XML can be a handful, but today, I hope to provide a quick cookbook of fast and effective how-to's on using XML spanning from beginner's tips to advanced practices.
XML Terminology
To truly understand how LINQ works with XML, you need some XML terminology first.
Let's look at an example XML document.
<Locations> <Location id="100"> <Title>Magic Kingdom</Title> <Area id="101"> <Title>Tomorrowland</Title> <Attractions> <Attraction id="105"> <Title>AstroJets</Title> </Attraction> <Attraction id="110"> <Title>Space Mountain</Title> </Attraction> <Attraction id="120"> <Title>Monsters, Inc Laughing Floor</Title> </Attraction> </Attractions> </Area> </Location> <Location id="200"> <Title>EPCOT</Title> <Area id="205"> <Title>Future World</Title> <Attractions> <Attraction id="210"> <Title>Spaceship Earth</Title> </Attraction> <Attraction id="220"> <Title>Test Track</Title> </Attraction> <Attraction id="225"> <Title>The Land</Title> </Attraction> </Attractions> </Area> <Area id="230"> <Title>World Showcase</Title> <Attractions> <Attraction id="240"> <Title>England</Title> </Attraction> <Attraction id="242"> <Title>Canada</Title> </Attraction> <Attraction id="245"> <Title>France</Title> </Attraction> <Attraction id="250"> <Title>Germany</Title> </Attraction> </Attractions> </Area> </Location> </Locations>
The terms are as follows:
- Node - A node is any type inside an XML document. The root node for this particular document is Locations, which hold two other nodes (Location) and each location node holds area nodes. Text can be a node type like "Magic Kingdom." An attribute can be another node type like id on each node. To understand all of the different node types, refer to the W3C DOM Spec.
- Element - An element is a type of node and includes everything inbetween the beginning tag to the ending tag. For example, the first element under the first Location element is Magic Kingdom.
- Attribute - Attributes are contained inside elements as name/value pairs.
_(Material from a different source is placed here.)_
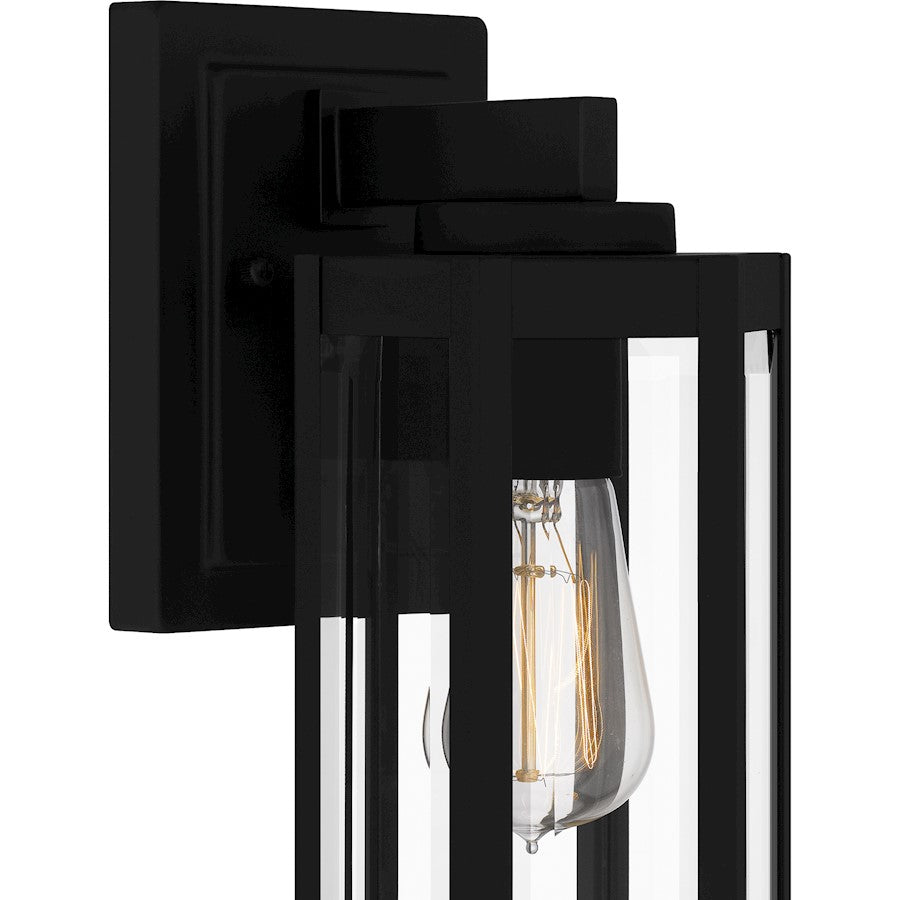 Mesnick 1 Light Outdoor Lantern, Black/Clear Beveled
For example, the first Location name has an attribute name of "id" and the attribute value is "100."
For now, these are the basics we'll focus on for the remainder of this post.
How do you load XML?
There are multiple ways to load an XML document.
One way is to create the XML document from a string.
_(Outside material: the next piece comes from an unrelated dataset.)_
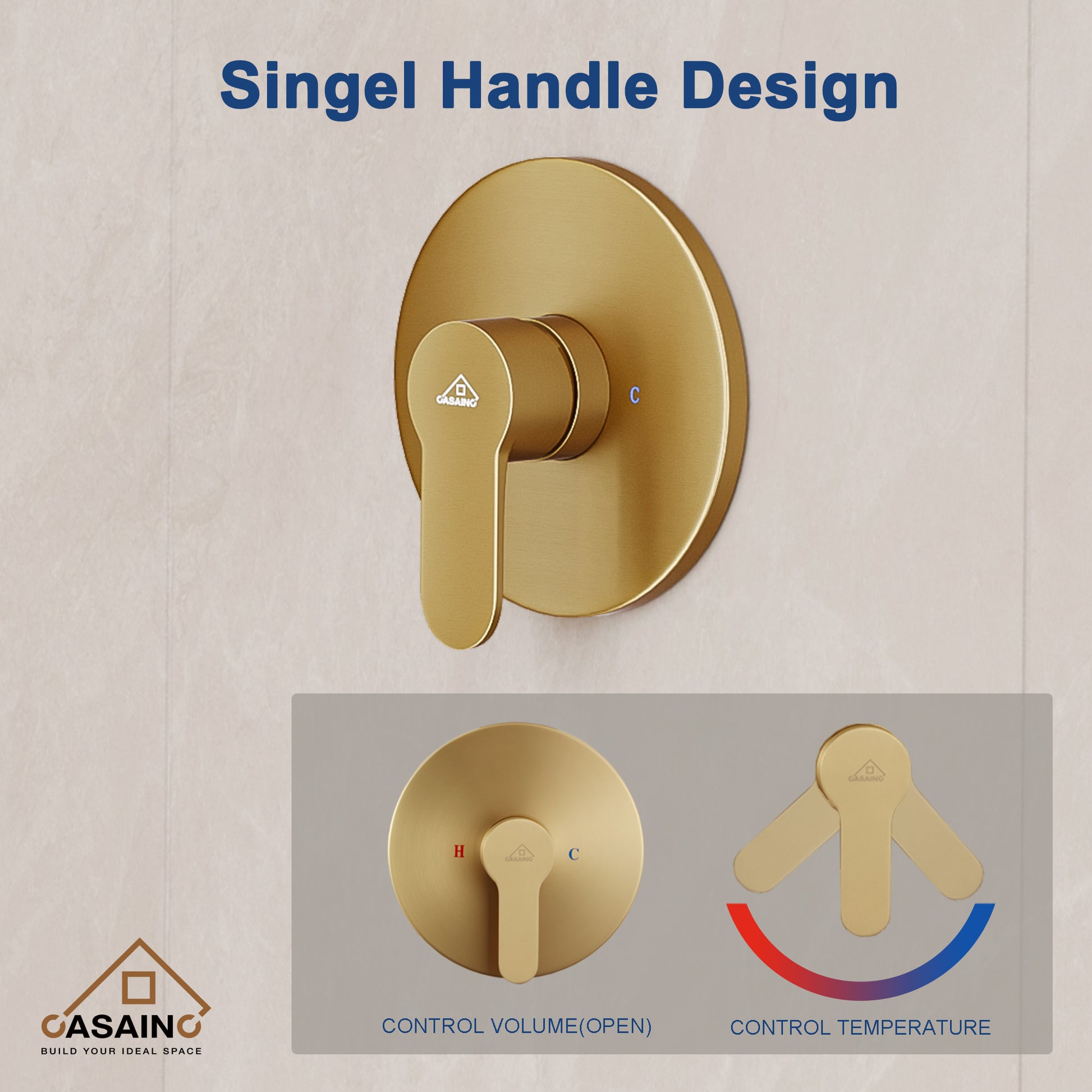 10" Wall Mount Round Shower Faucet Rain Shower System (Valve Included)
var xml = "<Location id=\"100\">" + "<Title>Magic Kingdom</Title>" + "<Area id=\"101\" >" + "<Title>Tomorrowland</Title>" + "<Attractions>" + "<Attraction id=\"105\">" + "<Title>AstroJets</Title>" + "</Attraction>" + "<Attraction id=\"110\">" + "<Title>Space Mountain</Title>" + "</Attraction>" + "<Attraction id=\"120\">" + "<Title>Monsters, Inc Laughing Floor</Title>" + "</Attraction>" + "</Attractions>" + "</Area>" + "</Location>"; var doc = new XmlDocument(); doc.LoadXml(xml);
Another way is to load it through a file.
var doc = new XmlDocument(); doc.Load(@"C:\XmlDocument\disneyrides.xml");
If you want to load it through XDocument, it's just as easy (since we'll be using XDocument objects for our LINQ examples).
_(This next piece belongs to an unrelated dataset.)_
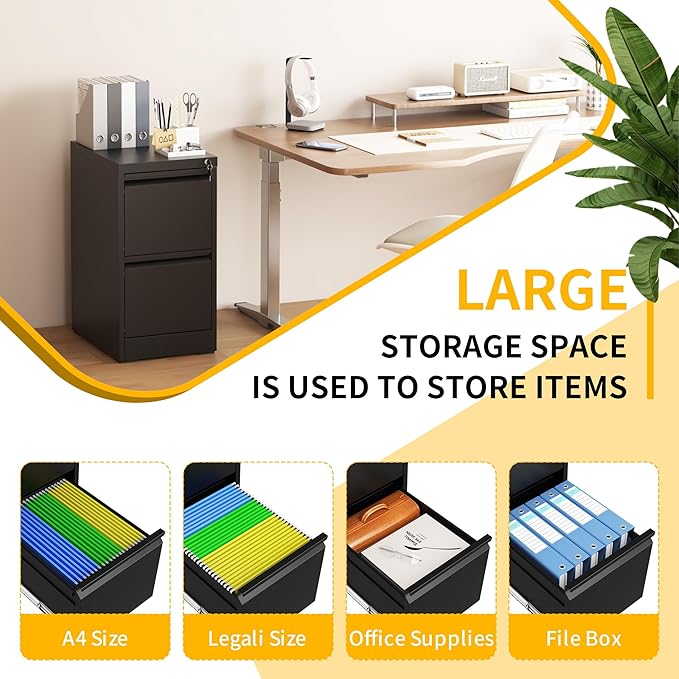 Reegangfa 2 Drawer File Cabinet with Lock, 18" D Metal Vertical Filing Cabinets, Steel File Storage Cabinets for Home Office, Hanging A4 Legal/Letter Size Narrow File Cabinet, Assembly Required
var doc = XDocument.Load(@"C:\XmlDocument\disneyrides.xml");
What's the difference between XmlDocument and XDocument?
An XDocument is the equivalent of an XmlDocument which is LINQ-able. XmlDocument is pre-.NET 3.0 before LINQ came around. It's probably better to use XDocument for managing your XML.
How can I convert an XmlDocument into an XDocument?
I wrote a post a while back about my top 10 extremely useful extension methods and one of them was converting between XDocument and XmlDocument and back again (extension method number 2).
How do you create an XDocument "document?"
To create a new Xml Document using XDocument, you begin with a XmlNamespace and continue to work your way down the tree by including more and more nodes.
To recreate the sample loaded XML starting at Location, here is the proper XDocument syntax to create a new Location.
var doc = new XDocument( new XElement("Location", new XAttribute("id","100"), new XElement("Title", "Magic Kingdom"), new XElement("Area", new XAttribute("id", "101"), new XElement("Title","Tomorrowland"), new XElement("Attractions", new XElement("Attraction", new XAttribute("id","105"), new XElement("Title", "AstroJets") ), new XElement("Attraction", new XAttribute("id", "110"), new XElement("Title", "Space Mountain") ), new XElement("Attraction", new XAttribute("id", "120"), new XElement("Title", "Monsters, Inc Laughing Floor") ) ) ) ) );
How can I assign a namespace to an XDocument?
To set all of the descendants to a namespace, set their localname to the namespace.
XNamespace ns = @"http://mynamespace"; foreach (XElement elem in xdoc.Descendants()) { elem.Name = ns + elem.Name.LocalName; }
If you want every element to have a prefix at the beginning of each element, add the namespace to the root.
xdoc.Root.Add( new XAttribute(XNamespace.Xmlns+"myns", ns));
How can I retrieve all of the attractions?
This will grab all of the attractions throughout the entire Xml document.
var attractions = xdoc.Root.Descendants("Attraction");
How can I get all attractions for just EPCOT?
This gets a little trickier as we dig down into the XML document.
First, you need to get the parent element (Location).
Once you have the parent, you can dig down into the titles and save each location's attractions and use the Where clause to grab the child title from each location.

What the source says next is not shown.